For two full days on Jan. 20 and 21, attorneys pored over documents in order to discern whether local fire officials were justified in issuing stop-work orders for forthcoming structures at Paradise Valley Resort Club, located in eastern Dawson County.
Representatives for the clothing-optional or nudist resort went to court after suing Fire Marshal and Division Chief Jeff Bailey, Fire Chief and EMA Director Danny Thompson and Lt. Chris Archer of Fire Prevention. A decision has not yet been made in the case.
Paradise Valley asked for a writ of mandamus to lift stop-work orders on a greeting room and welcome center additions, wine bar, cabanas, indoor pool and fitness center. Jeff Wasserman owns the resort.
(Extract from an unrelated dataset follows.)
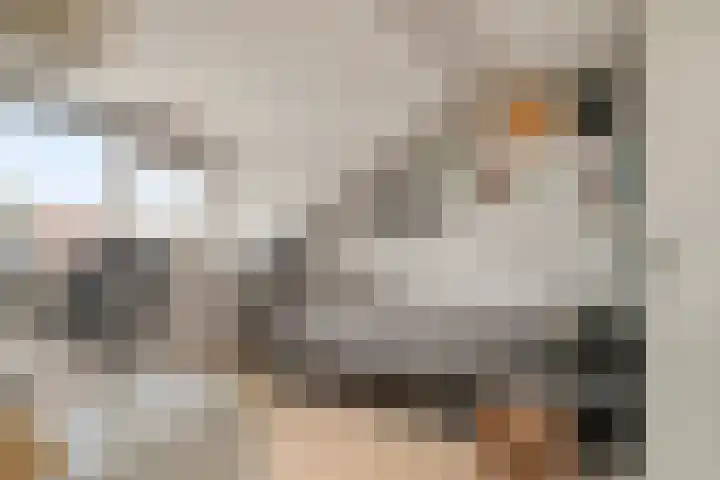 Nolendreef 3 Bergschenhoek thumbnail 27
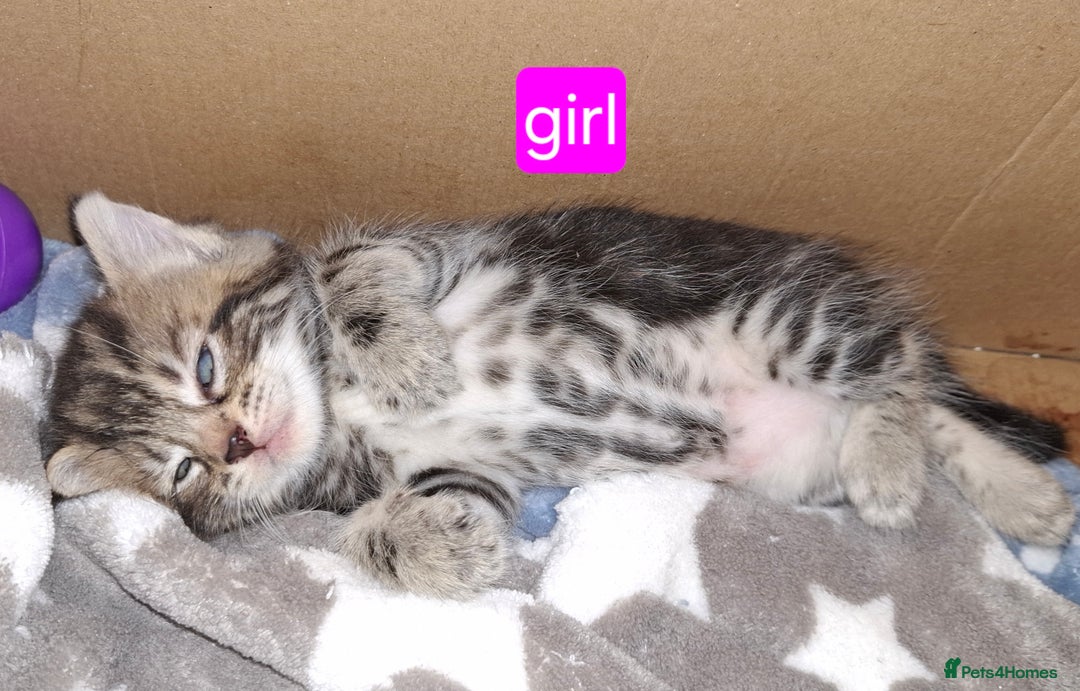 Mixed Breed cats for sale: 3 fluff balls looking for forever homes  - Image 1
The plaintiff is also seeking approximately $50,000 for attorney fees and costs going back to October 2018, said lawyer Joseph Homans.
Paul Frickey of Jarrard and Davis, Dawson County government’s current law firm, represented the three defendants.
The resort that became Paradise Valley started as a nudist campground in the late 1970’s. Now, it’s a gated premises that’s expanded to be over 100 acres, filled with yearly RV sites, condominiums for long-term leases, homes, apartments, pools, bars and various areas for group assemblies.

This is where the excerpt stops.